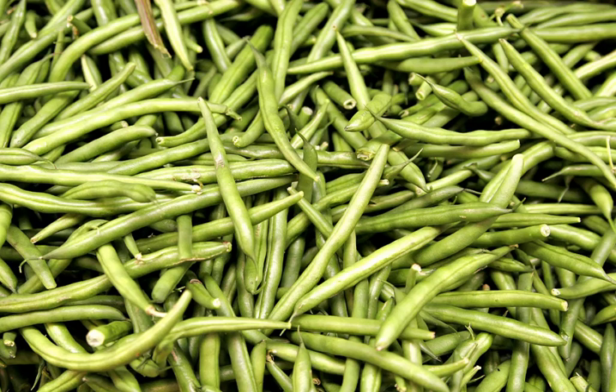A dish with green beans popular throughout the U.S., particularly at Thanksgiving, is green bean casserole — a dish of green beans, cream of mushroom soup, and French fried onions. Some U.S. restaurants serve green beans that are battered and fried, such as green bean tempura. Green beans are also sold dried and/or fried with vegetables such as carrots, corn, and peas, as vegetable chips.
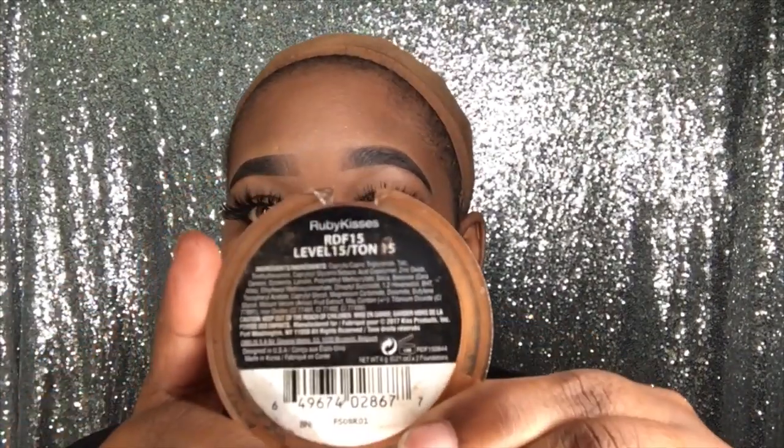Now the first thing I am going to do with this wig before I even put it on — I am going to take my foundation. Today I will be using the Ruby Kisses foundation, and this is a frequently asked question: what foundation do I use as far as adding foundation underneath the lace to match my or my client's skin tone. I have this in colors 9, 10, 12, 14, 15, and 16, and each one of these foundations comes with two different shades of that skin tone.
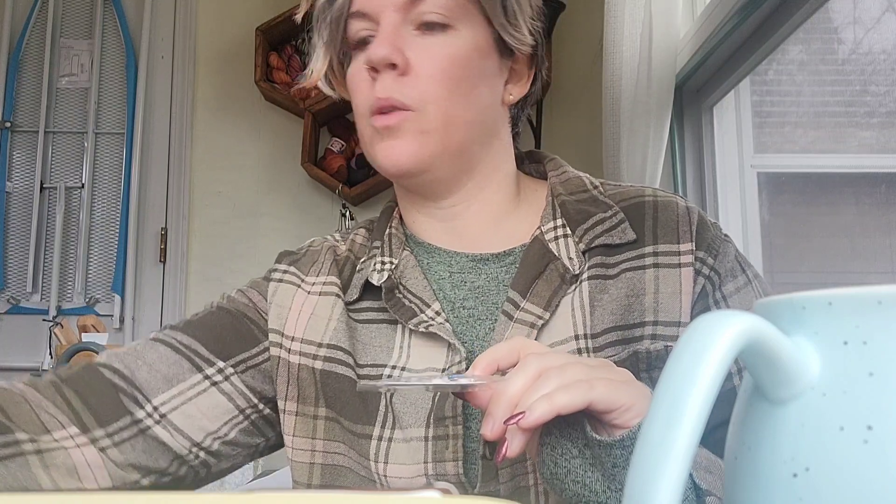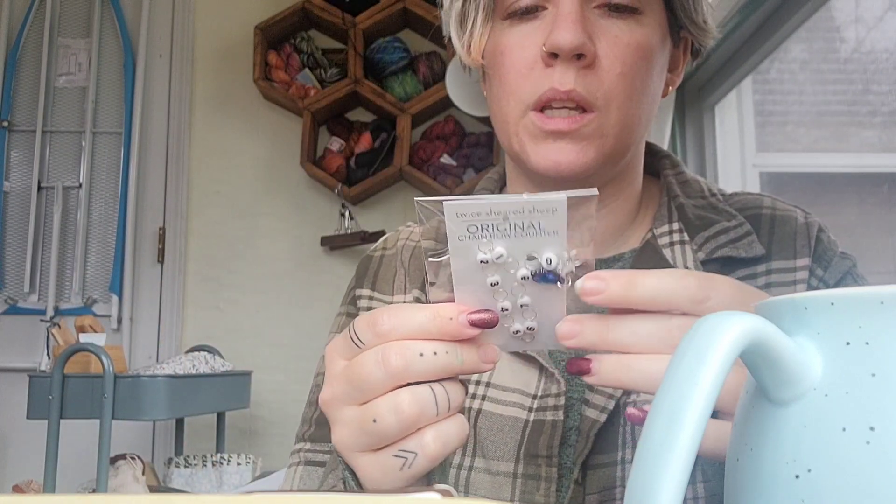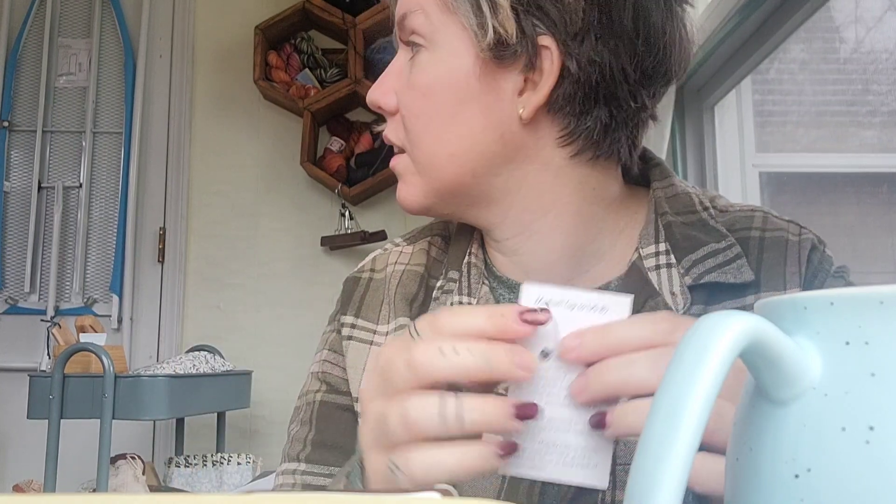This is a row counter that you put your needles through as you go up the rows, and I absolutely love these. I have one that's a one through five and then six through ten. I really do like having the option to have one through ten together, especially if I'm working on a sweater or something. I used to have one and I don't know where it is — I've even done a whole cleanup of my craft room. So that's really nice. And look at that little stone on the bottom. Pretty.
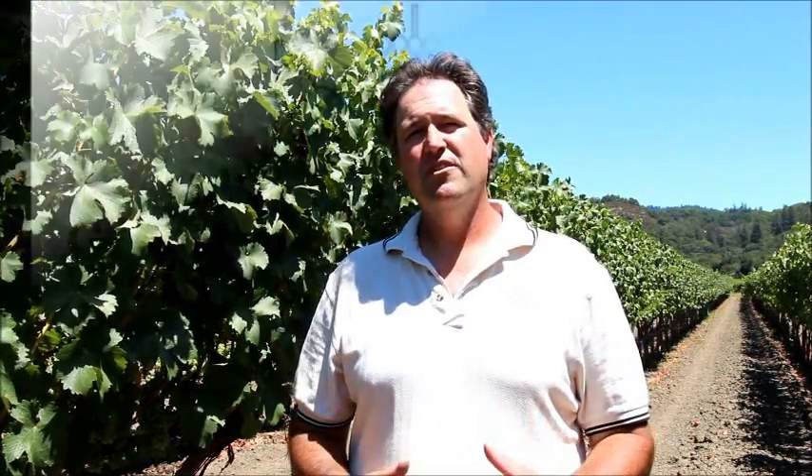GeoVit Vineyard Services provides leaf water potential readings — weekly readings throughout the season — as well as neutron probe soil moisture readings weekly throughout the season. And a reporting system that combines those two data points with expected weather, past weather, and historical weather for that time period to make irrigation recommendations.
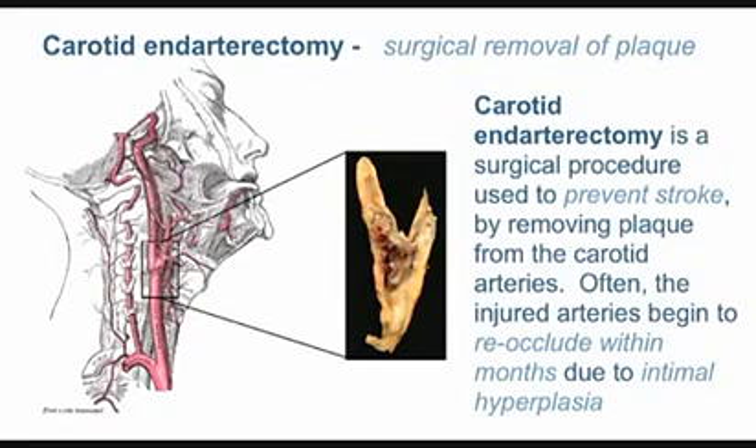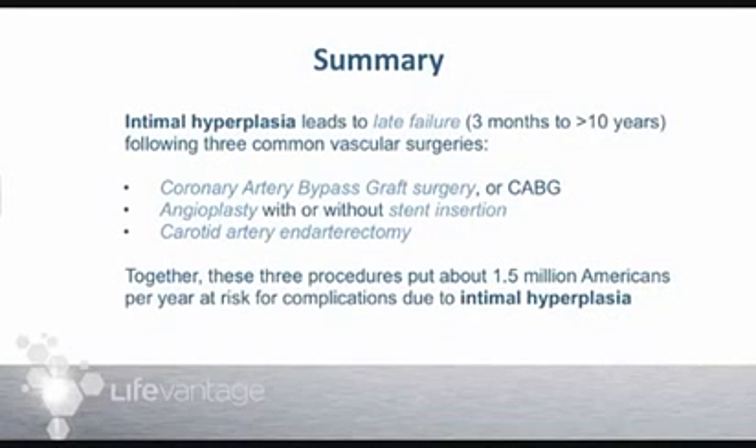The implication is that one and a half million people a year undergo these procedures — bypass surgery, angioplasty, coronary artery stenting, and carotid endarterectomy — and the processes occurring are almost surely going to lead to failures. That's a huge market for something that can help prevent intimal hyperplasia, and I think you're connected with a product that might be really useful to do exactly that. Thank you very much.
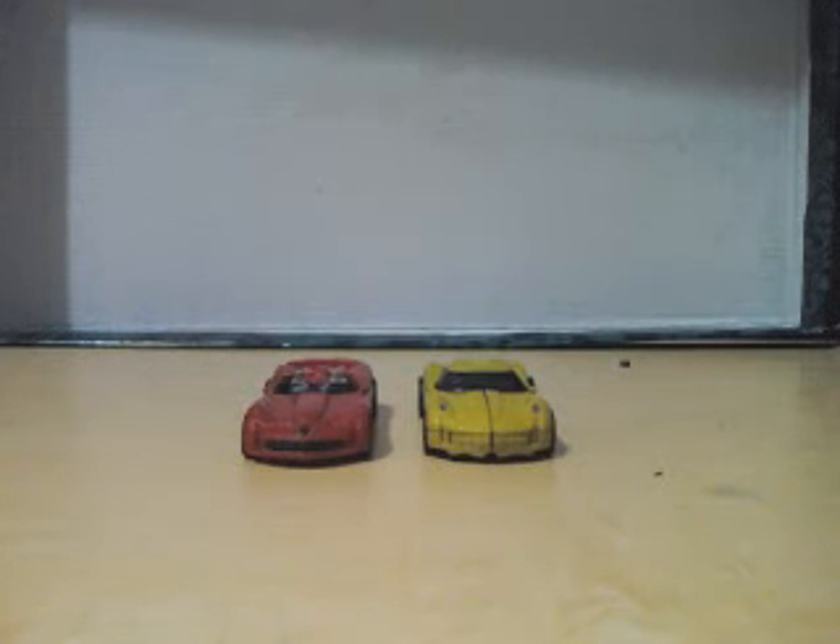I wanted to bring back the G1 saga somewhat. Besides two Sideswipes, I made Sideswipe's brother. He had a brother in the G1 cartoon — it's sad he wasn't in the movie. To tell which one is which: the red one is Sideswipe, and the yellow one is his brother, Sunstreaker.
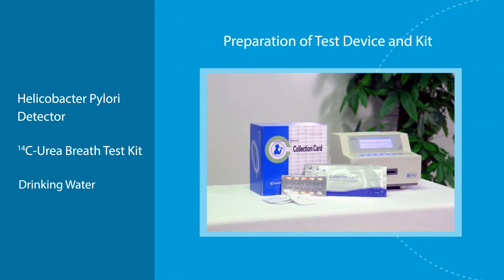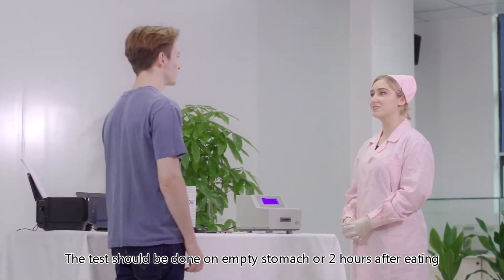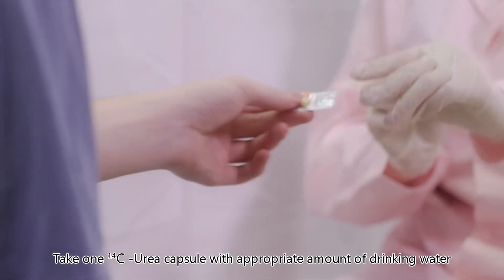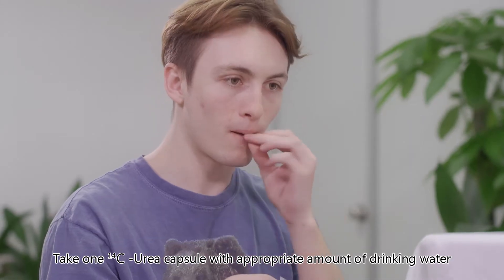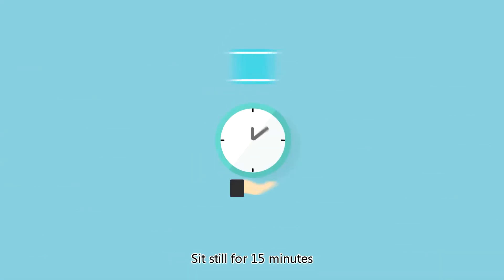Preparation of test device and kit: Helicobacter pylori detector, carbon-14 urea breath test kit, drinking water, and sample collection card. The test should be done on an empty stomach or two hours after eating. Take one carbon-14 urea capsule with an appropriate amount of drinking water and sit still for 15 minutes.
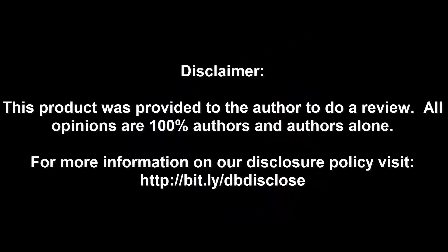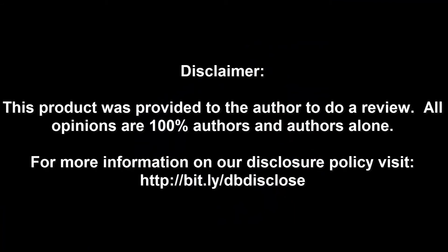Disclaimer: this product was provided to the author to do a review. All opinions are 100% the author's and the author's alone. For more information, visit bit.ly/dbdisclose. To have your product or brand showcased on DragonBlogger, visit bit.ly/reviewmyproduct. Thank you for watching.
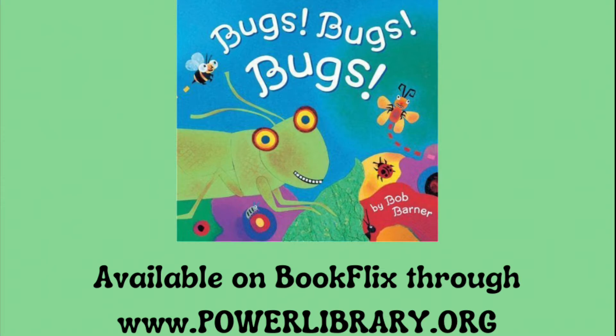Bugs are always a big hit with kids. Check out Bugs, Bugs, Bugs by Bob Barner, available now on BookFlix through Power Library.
-=-=-=-=-
EXERCISE DIRECTIONS: The response must match the listing exactly, except that pictures are removed.

RESPONSE TO THE TASK:
A dish with green beans popular throughout the U.S., particularly at Thanksgiving, is green bean casserole — a dish of green beans, cream of mushroom soup, and French fried onions. Some U.S. restaurants serve green beans that are battered and fried, such as green bean tempura. Green beans are also sold dried and/or fried with vegetables such as carrots, corn, and peas, as vegetable chips.
Now the first thing I am going to do with this wig before I even put it on — I am going to take my foundation. Today I will be using the Ruby Kisses foundation, and this is a frequently asked question: what foundation do I use as far as adding foundation underneath the lace to match my or my client's skin tone. I have this in colors 9, 10, 12, 14, 15, and 16, and each one of these foundations comes with two different shades of that skin tone.
This is a row counter that you put your needles through as you go up the rows, and I absolutely love these. I have one that's a one through five and then six through ten. I really do like having the option to have one through ten together, especially if I'm working on a sweater or something. I used to have one and I don't know where it is — I've even done a whole cleanup of my craft room. So that's really nice. And look at that little stone on the bottom. Pretty.
GeoVit Vineyard Services provides leaf water potential readings — weekly readings throughout the season — as well as neutron probe soil moisture readings weekly throughout the season. And a reporting system that combines those two data points with expected weather, past weather, and historical weather for that time period to make irrigation recommendations.
The implication is that one and a half million people a year undergo these procedures — bypass surgery, angioplasty, coronary artery stenting, and carotid endarterectomy — and the processes occurring are almost surely going to lead to failures. That's a huge market for something that can help prevent intimal hyperplasia, and I think you're connected with a product that might be really useful to do exactly that. Thank you very much.
I wanted to bring back the G1 saga somewhat. Besides two Sideswipes, I made Sideswipe's brother. He had a brother in the G1 cartoon — it's sad he wasn't in the movie. To tell which one is which: the red one is Sideswipe, and the yellow one is his brother, Sunstreaker.
Preparation of test device and kit: Helicobacter pylori detector, carbon-14 urea breath test kit, drinking water, and sample collection card. The test should be done on an empty stomach or two hours after eating. Take one carbon-14 urea capsule with an appropriate amount of drinking water and sit still for 15 minutes.
Disclaimer: this product was provided to the author to do a review. All opinions are 100% the author's and the author's alone. For more information, visit bit.ly/dbdisclose. To have your product or brand showcased on DragonBlogger, visit bit.ly/reviewmyproduct. Thank you for watching.
Bugs are always a big hit with kids. Check out Bugs, Bugs, Bugs by Bob Barner, available now on BookFlix through Power Library.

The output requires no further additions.